The expected output is each line from the one containing "Building Photo - Old Maco Road" to the last line of the data below, set down exactly, minus the pictures.

| Recorded information |
───

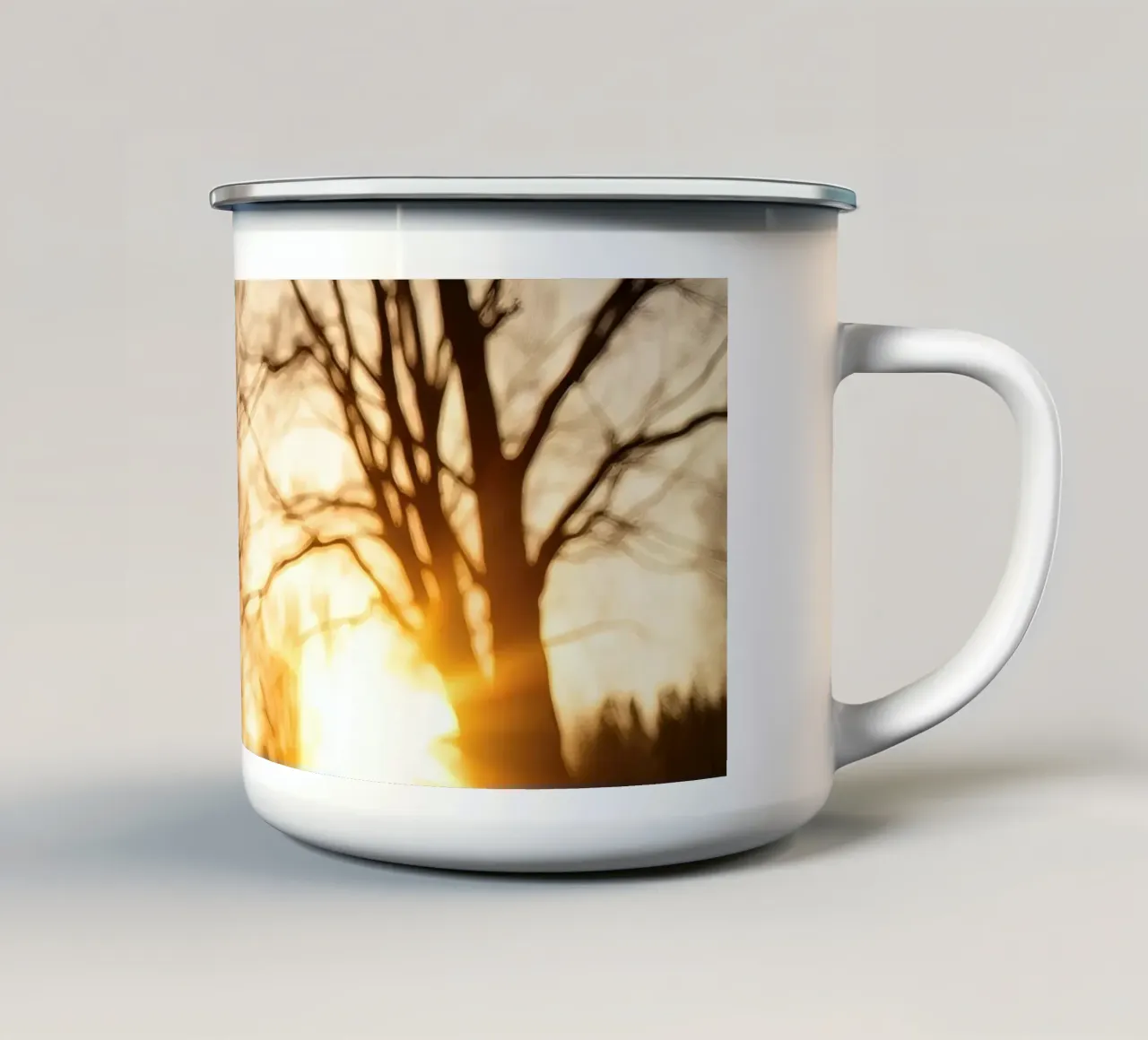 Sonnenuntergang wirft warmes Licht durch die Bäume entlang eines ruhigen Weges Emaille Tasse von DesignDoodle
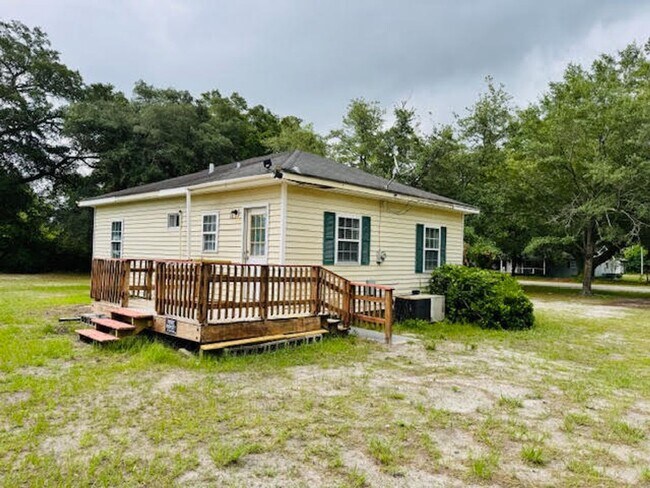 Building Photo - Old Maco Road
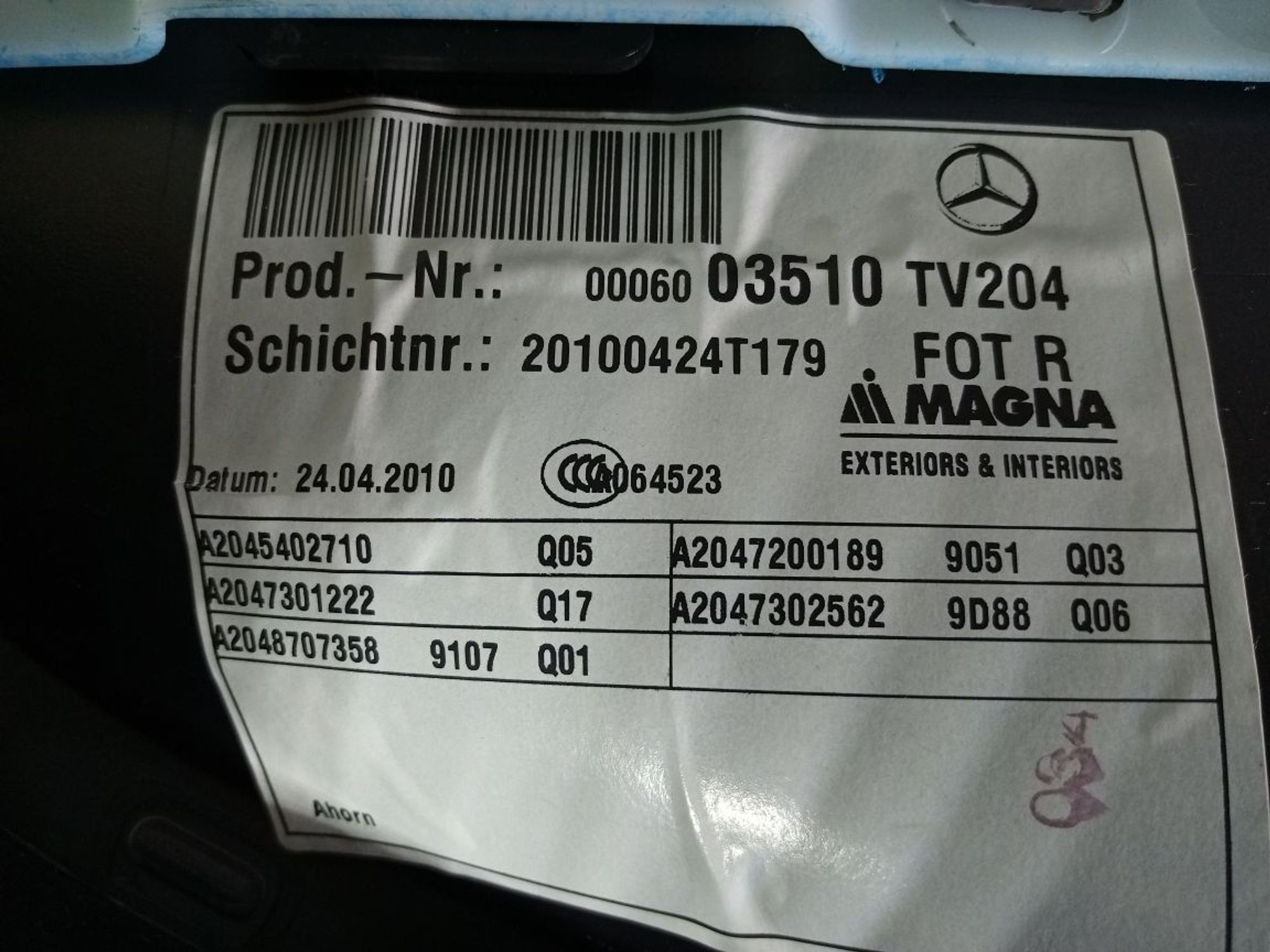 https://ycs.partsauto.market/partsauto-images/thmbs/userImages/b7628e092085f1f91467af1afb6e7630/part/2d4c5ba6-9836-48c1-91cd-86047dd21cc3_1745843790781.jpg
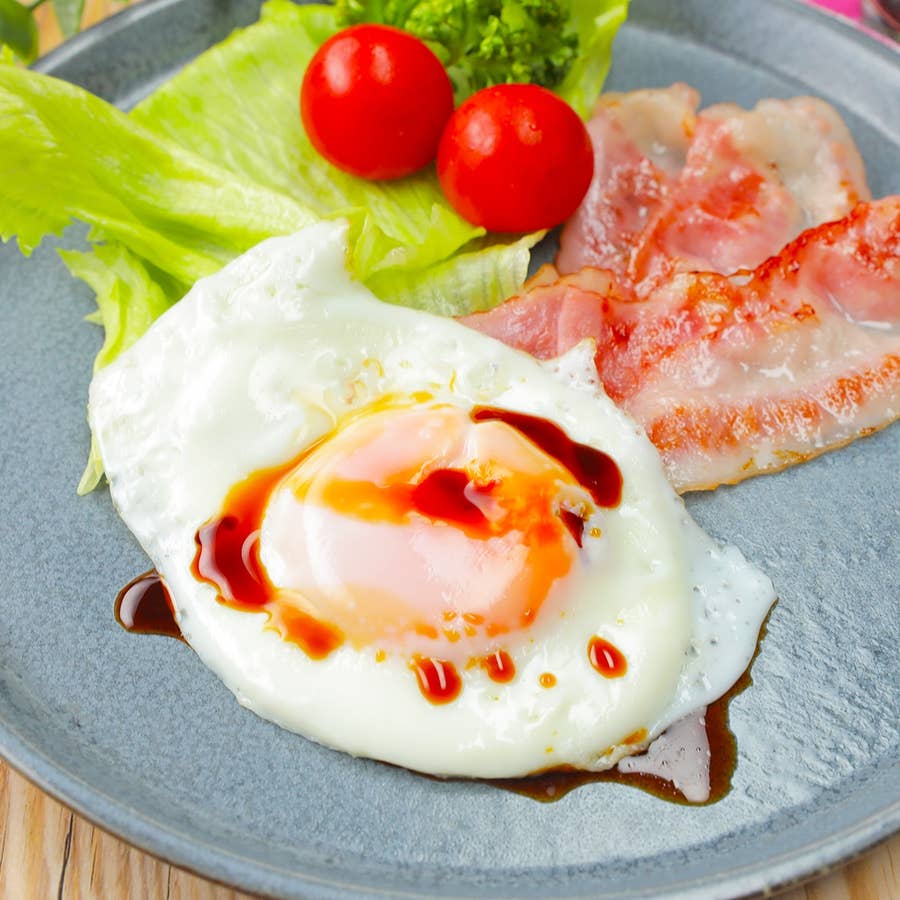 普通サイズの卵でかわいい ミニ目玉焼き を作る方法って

───

| Response |
 Building Photo - Old Maco Road
 https://ycs.partsauto.market/partsauto-images/thmbs/userImages/b7628e092085f1f91467af1afb6e7630/part/2d4c5ba6-9836-48c1-91cd-86047dd21cc3_1745843790781.jpg
 普通サイズの卵でかわいい ミニ目玉焼き を作る方法って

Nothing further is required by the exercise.